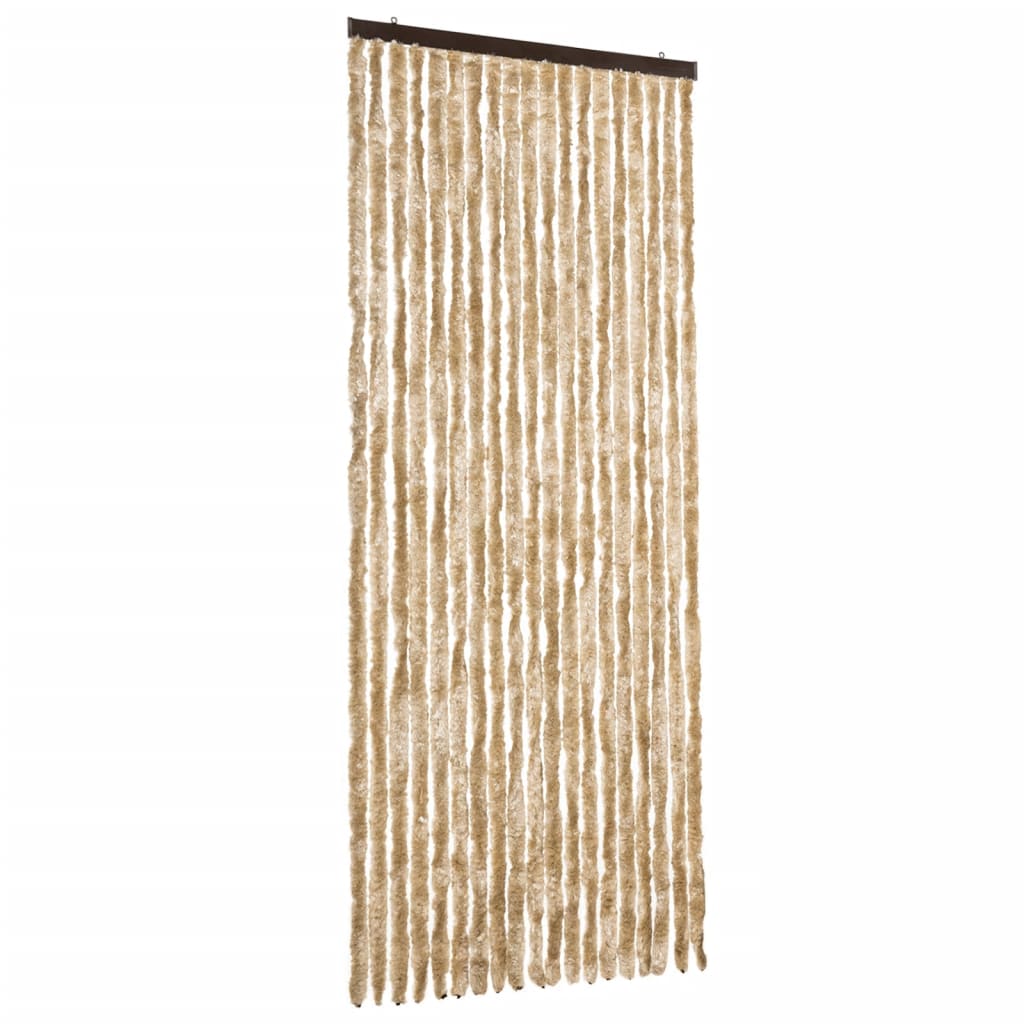 Cortina de mosca Vidaxl 56x185 cm chenille beige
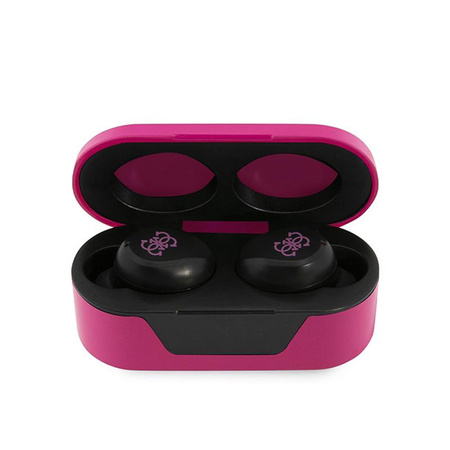 Guess True Wireless Earphones BT5.0 5H - TWS écouteurs + étui de chargement (magenta)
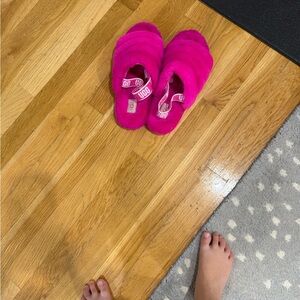 UGG Pink Fluffy Slippers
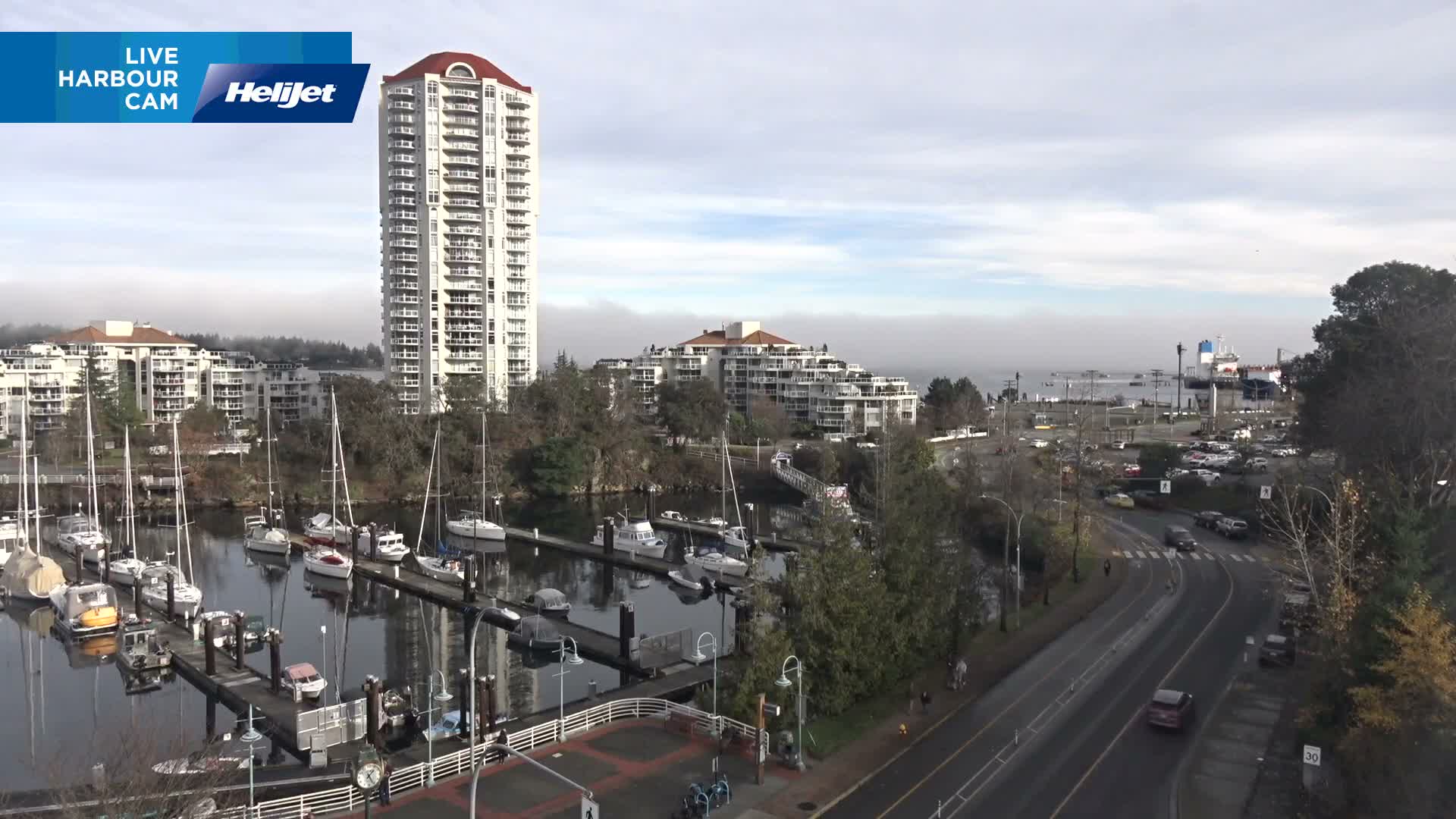The image displays a marina filled with various boats and yachts, surrounded by multi-story residential buildings and a winding road with traffic, all under an overcast and hazy sky with distant ships barely visible through the fog.
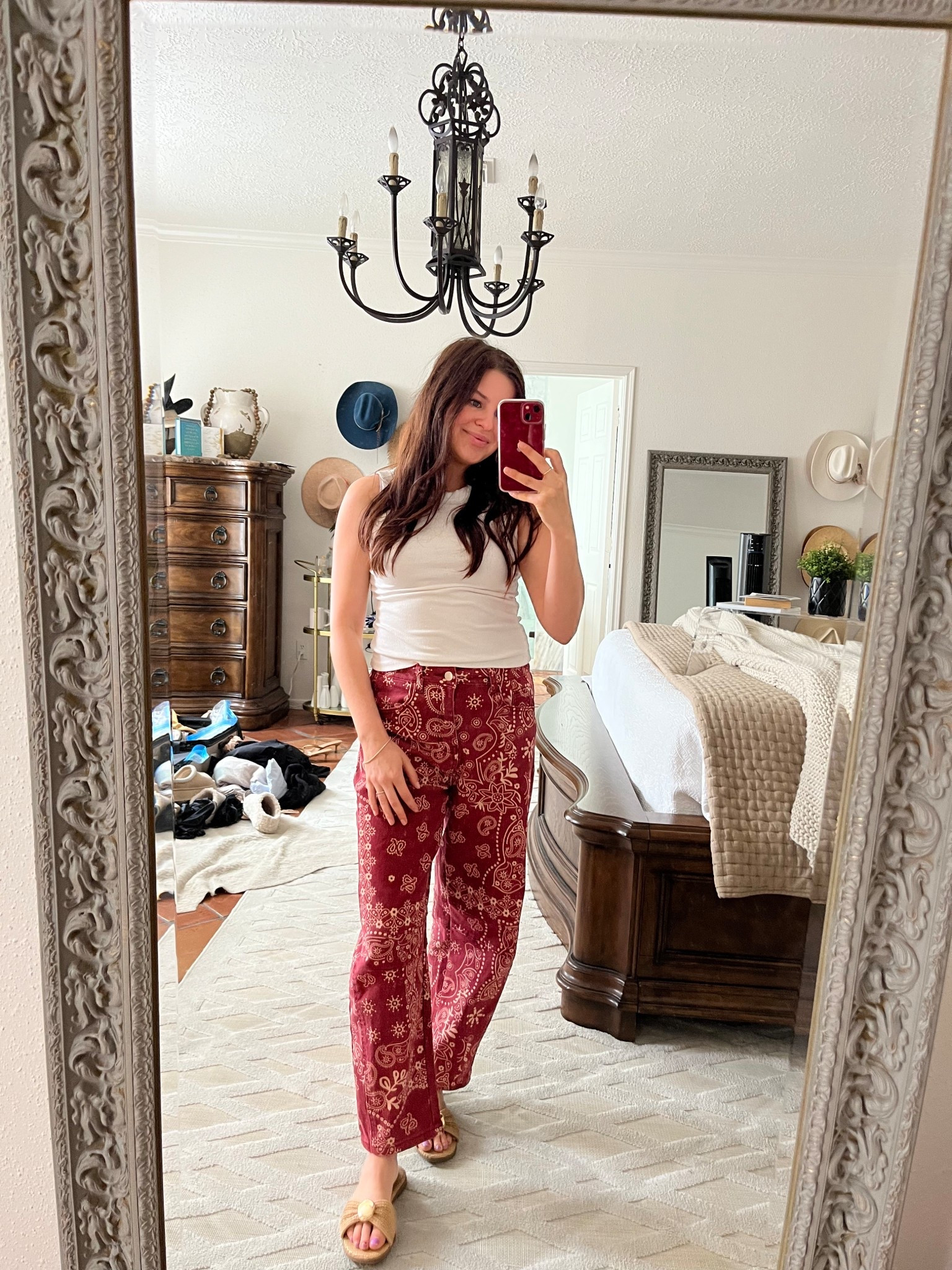 Outfit of the day! These are free people inspired pants for less that 50% the price! Wearing a size small 

Paisley pants, red paisley pants, raffia sandals, gold hardware, barrel pants 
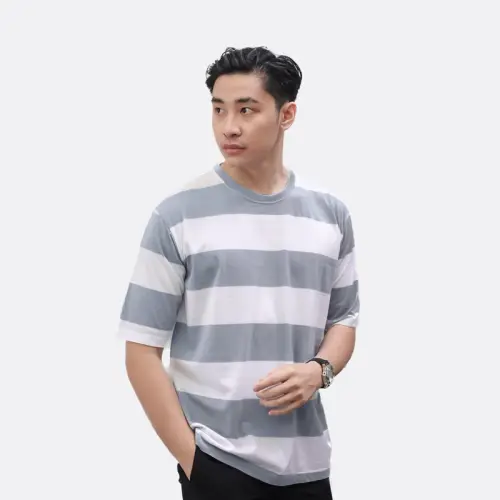 Kaos Oversize Salur Stripe Pria Katun Combed 24s Maroon White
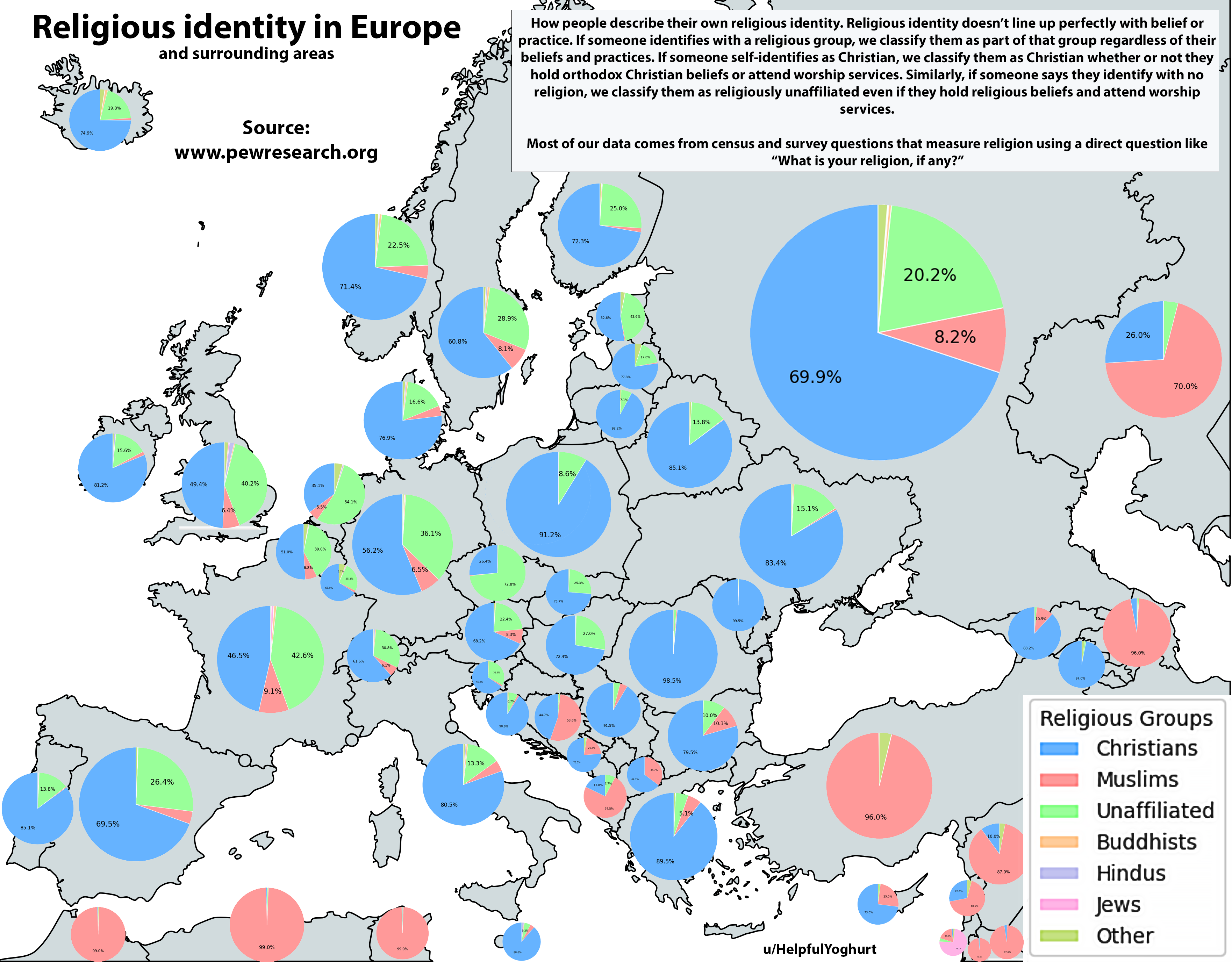 Religious Identity in Europe Map Religious Identity in Europe Map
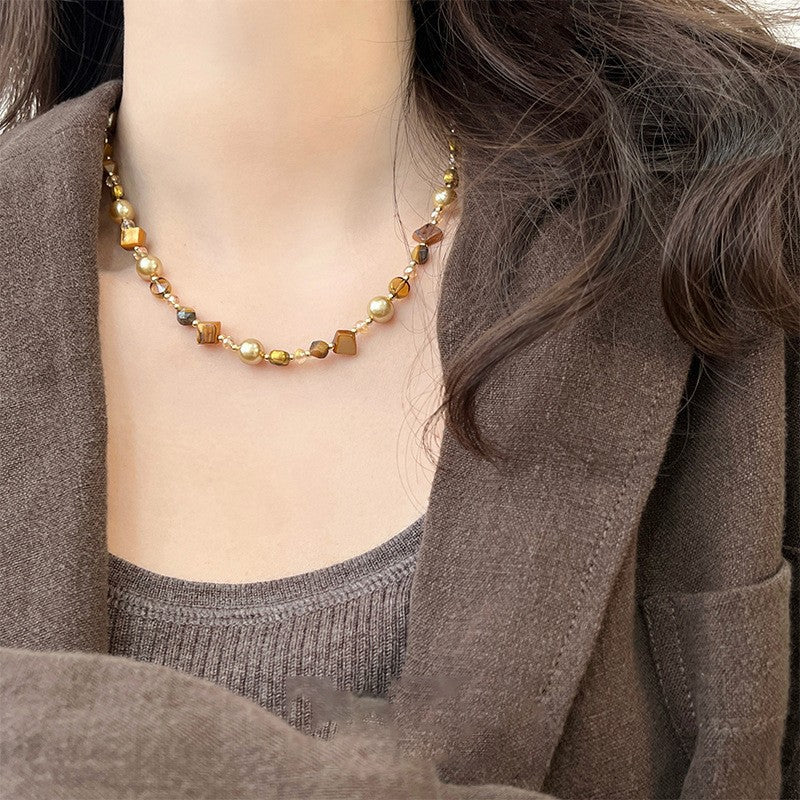 Collana con Ciondolo Vintage a Occhio di Tigre Geometrico Placcata Oro 18K Lunga per Maglione da Donna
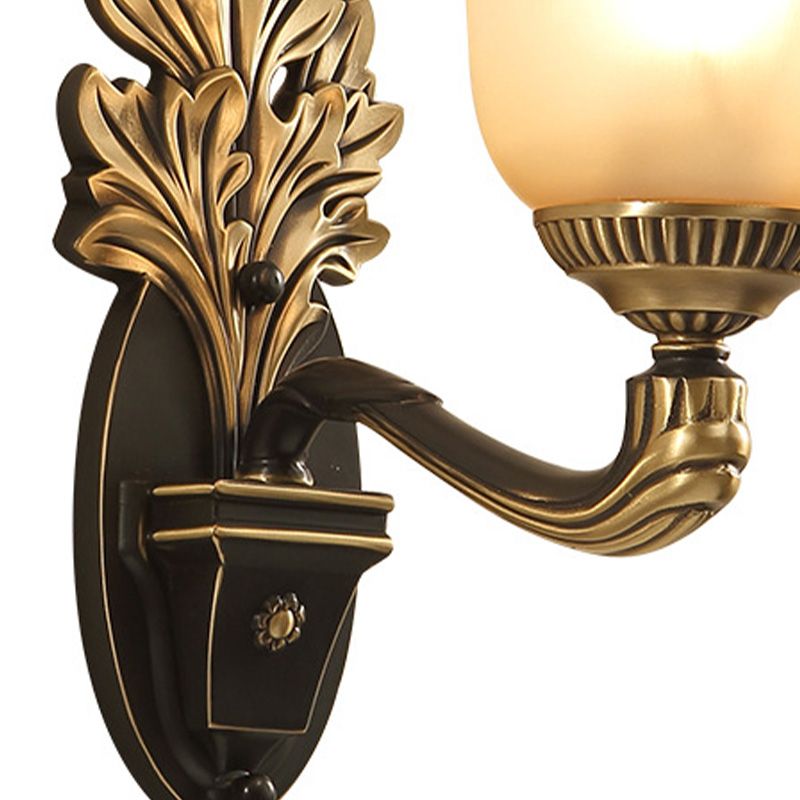 Bell Bedroom Approche luminaire Verre givrée rustique 1/2 Light Black-Gold Wall Lampe avec bras sculpté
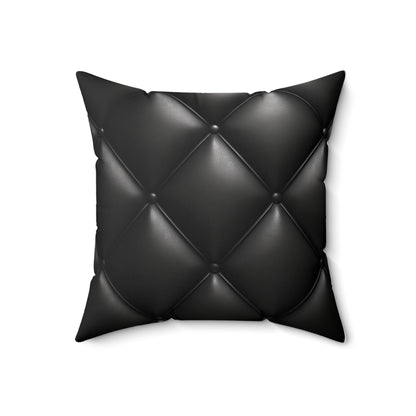 Spun Polyester Square Pillow, Black , Sleek, Design, Custom Made, Comfortable, Artistic, Bedroom, Comfort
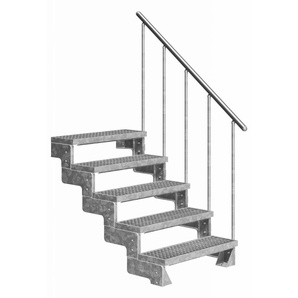Dolle Außentreppe Gardentop mit Geländer verzinkt Breite 100 cm Gitterrost GLO781602589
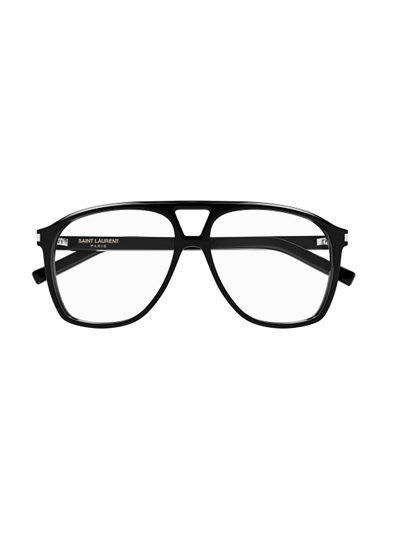 Saint Laurent Aviator Glasses In 001 Black Black Transpare
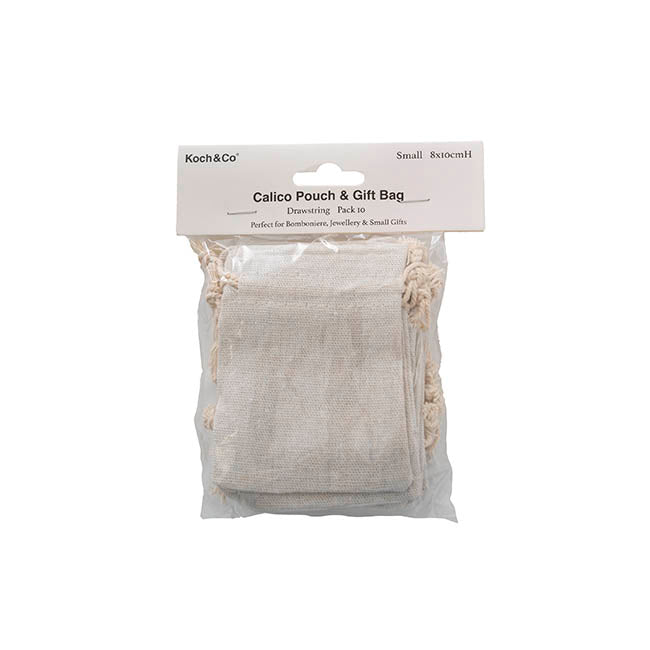 Calico Gift Bomboniere Pouch Small Pack 10 Natural (8x10cmH)
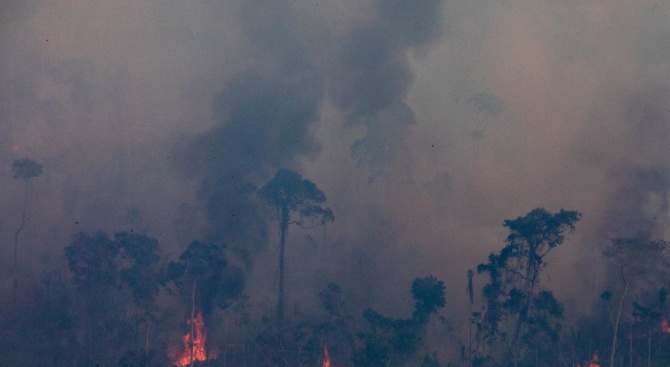 Бразилски военни самолети започнаха да обливат с вода горящите тропически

◆ What the exercise asks
Leaving every picture out, please copy exactly the lines from the one holding "Collana con Ciondolo" through the last line of the listing, both ends included.

◆ Exercise response
 Collana con Ciondolo Vintage a Occhio di Tigre Geometrico Placcata Oro 18K Lunga per Maglione da Donna
 Bell Bedroom Approche luminaire Verre givrée rustique 1/2 Light Black-Gold Wall Lampe avec bras sculpté
 Spun Polyester Square Pillow, Black , Sleek, Design, Custom Made, Comfortable, Artistic, Bedroom, Comfort
Dolle Außentreppe Gardentop mit Geländer verzinkt Breite 100 cm Gitterrost GLO781602589
 Saint Laurent Aviator Glasses In 001 Black Black Transpare
 Calico Gift Bomboniere Pouch Small Pack 10 Natural (8x10cmH)
 Бразилски военни самолети започнаха да обливат с вода горящите тропически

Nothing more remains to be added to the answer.